### Exercise instructions
Would you retype, word for word, the line with "Tranh Đôi Chim Hạc Trên Cây Tùng" and each line after it to the end of the entries below, leaving the pictures out?

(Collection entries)

━━━━━━━━

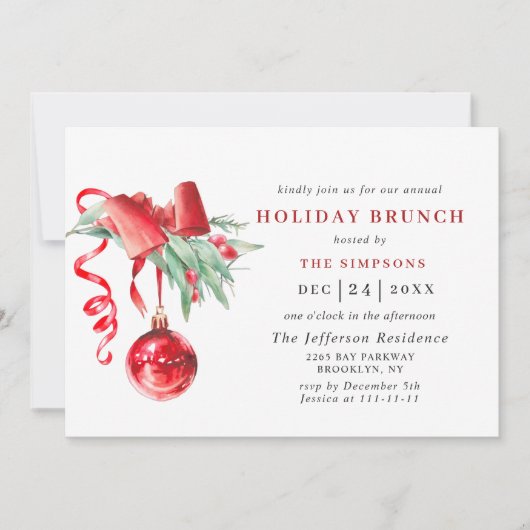 Invitation Aquarelle Ornement NOËL VACANCES BRUNCH (Devant)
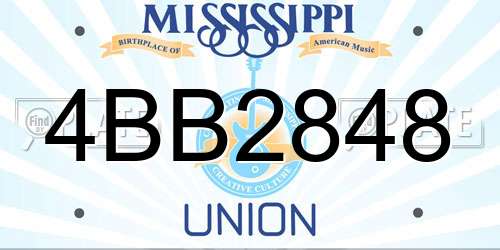 4BB2848 Mississippi License Plate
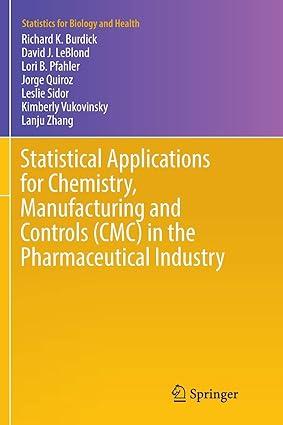 statistical applications for chemistry manufacturing and controls cmc in the pharmaceutical industry 1st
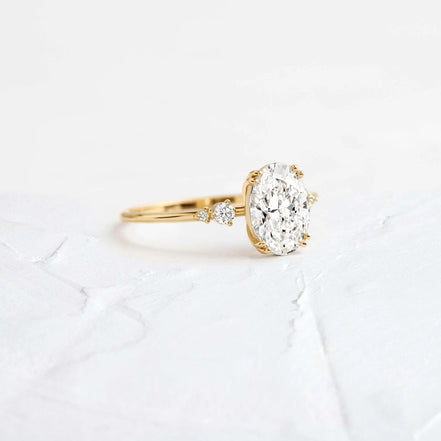 Oval Cut Five Stone Moissanite Engagement Ring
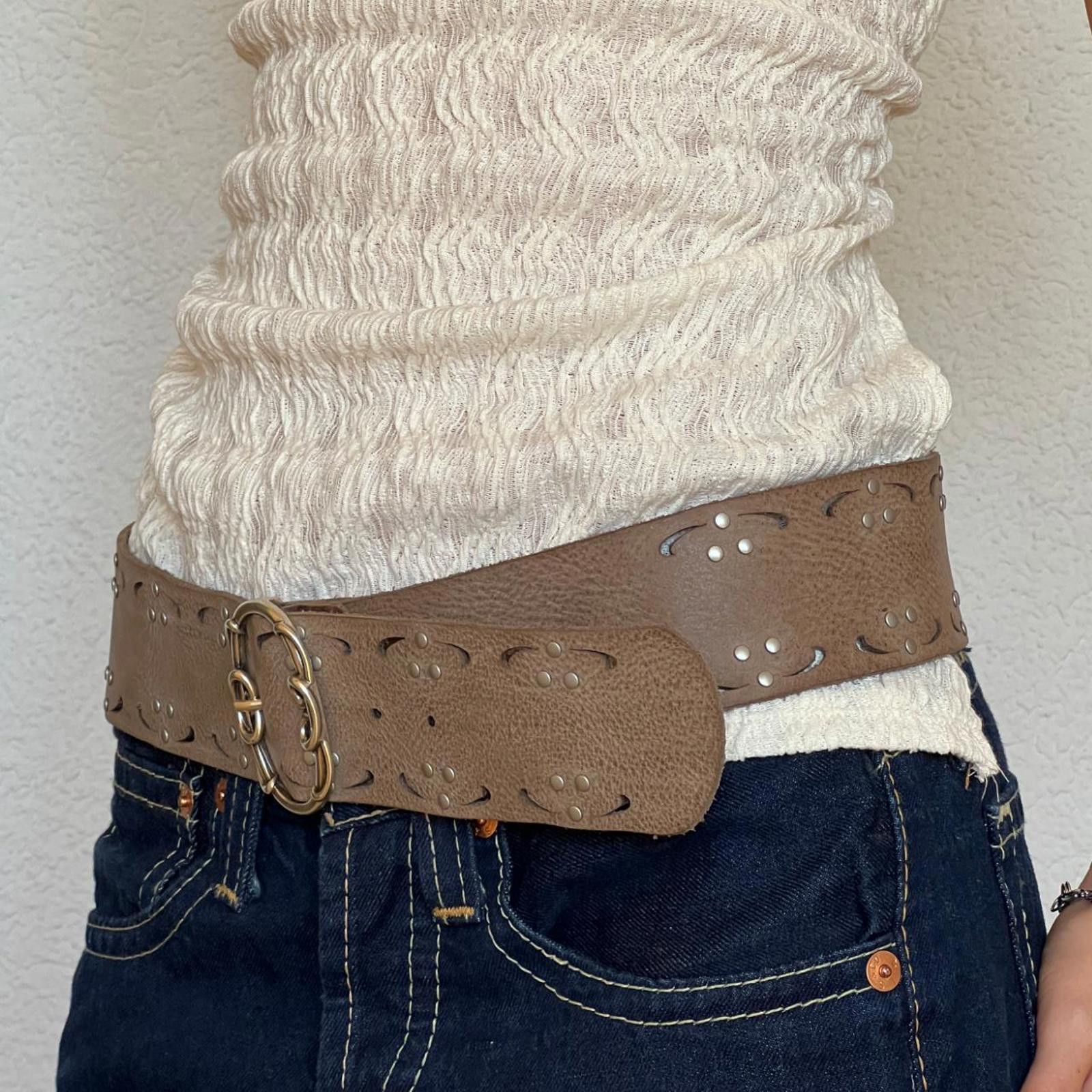 Jones New York Vintage Jones Genuine Leather Chunky Wide Belt 85 Size ONE SIZE - 2 Thumbnail
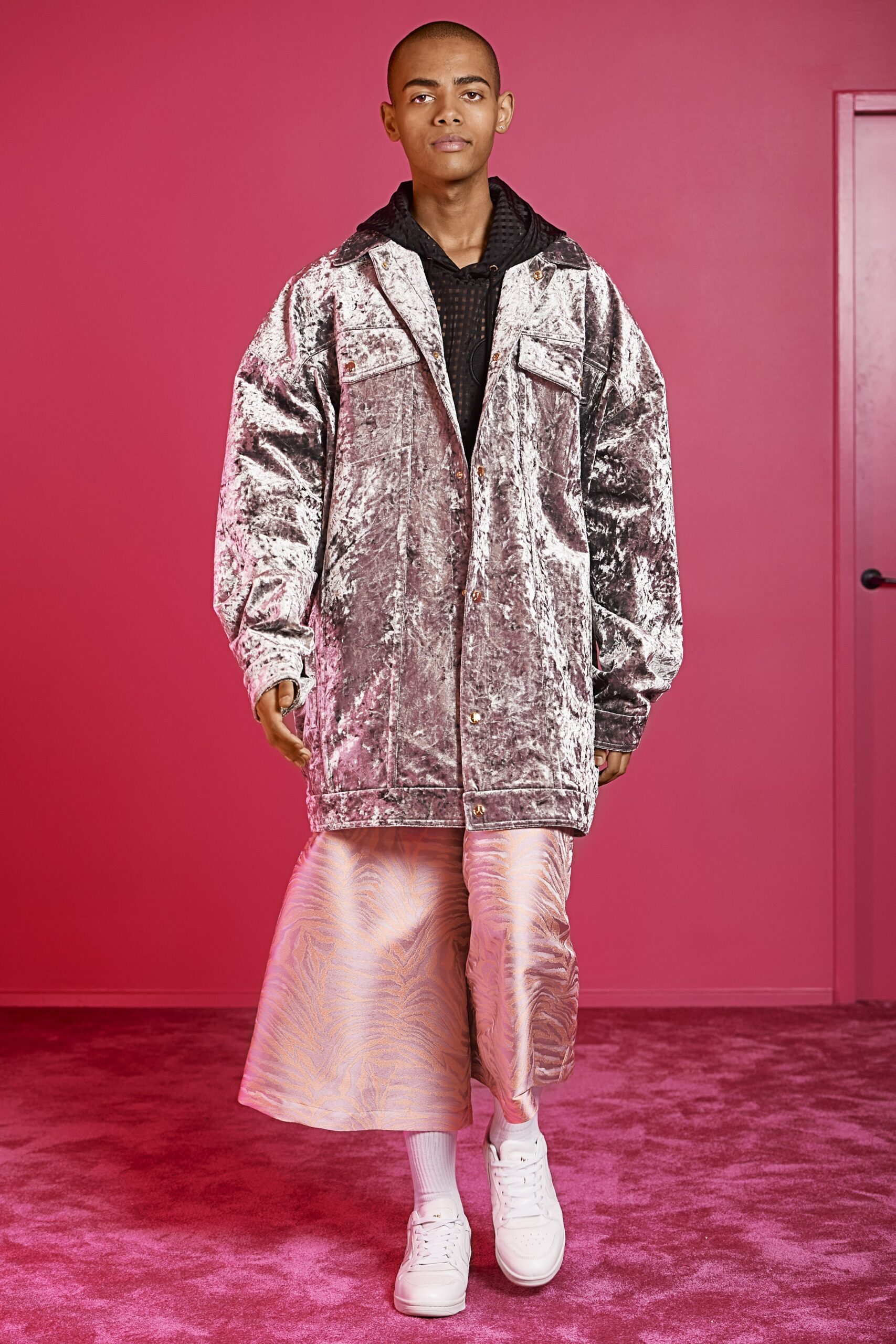 gray velvet oversized jacket and pink midi skirt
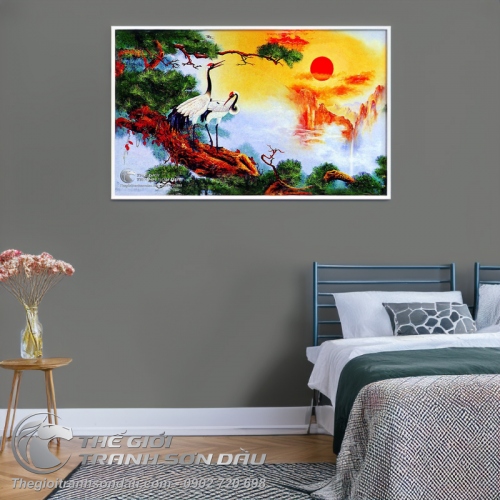 Tranh Đôi Chim Hạc Trên Cây Tùng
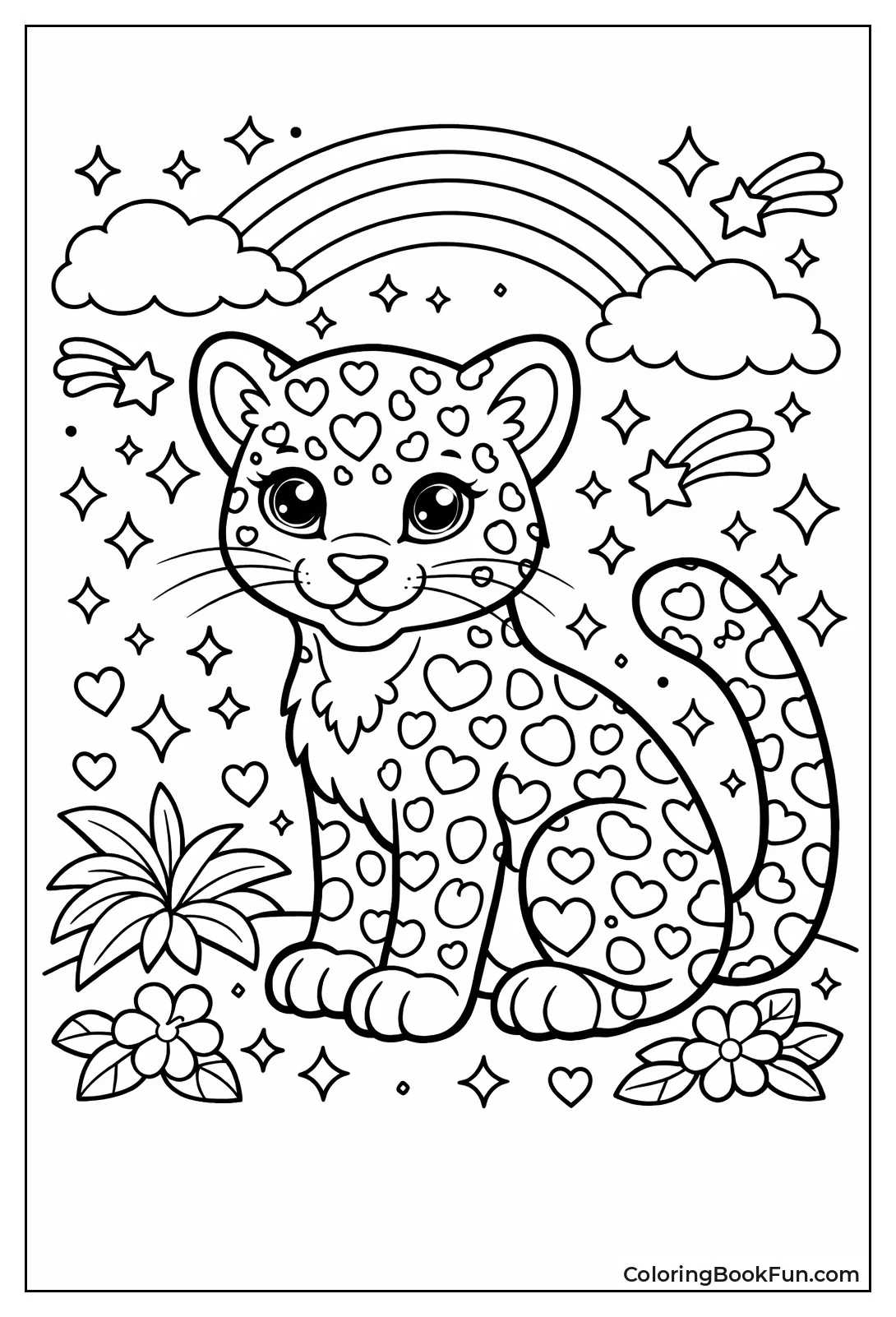Lisa Frank Leopard with Rainbow Spots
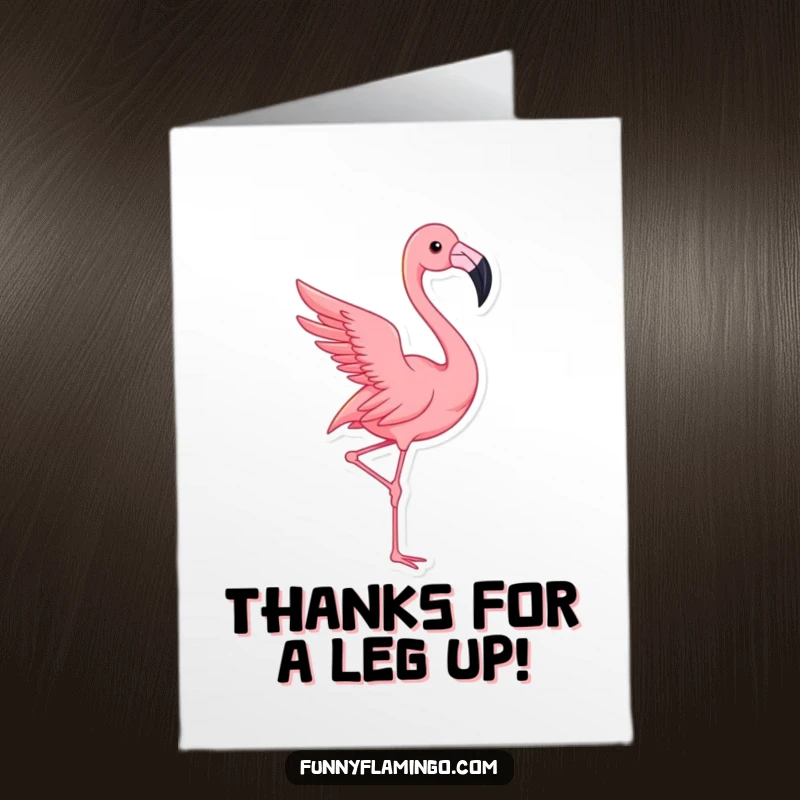 Funny Free Printable Thank You Card: Pink flamingo striking a dramatic pose, sending thanks. Hilarious downloadable.
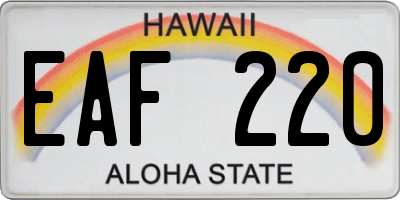 HI license plate EAF220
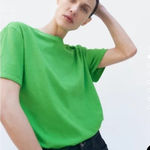 ZARA Lightweight Knit Short Sleeve Shirt, Bright Green, Size XL Photo 0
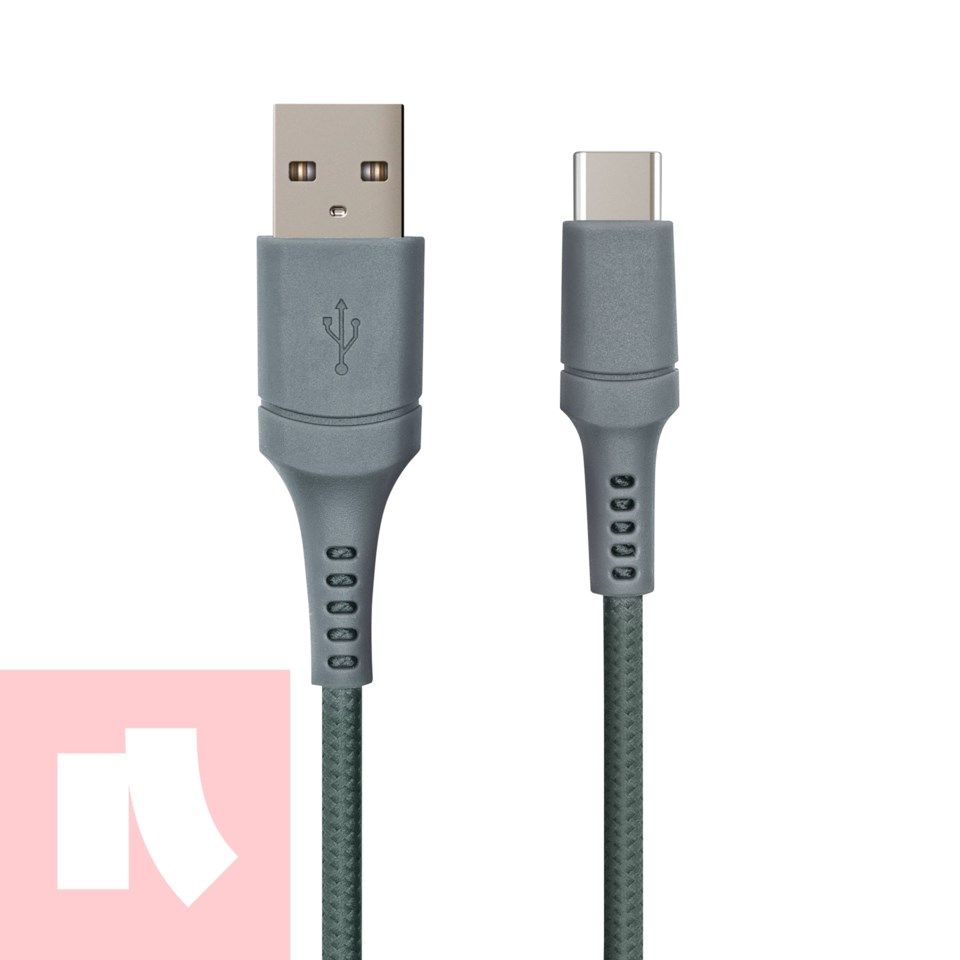 Nomadelic USB-A till USB-C 2.5 m Gröngrå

━━━━━━━━

### Expected answer
 Tranh Đôi Chim Hạc Trên Cây Tùng
Lisa Frank Leopard with Rainbow Spots
 Funny Free Printable Thank You Card: Pink flamingo striking a dramatic pose, sending thanks. Hilarious downloadable.
 HI license plate EAF220
 ZARA Lightweight Knit Short Sleeve Shirt, Bright Green, Size XL Photo 0
 Nomadelic USB-A till USB-C 2.5 m Gröngrå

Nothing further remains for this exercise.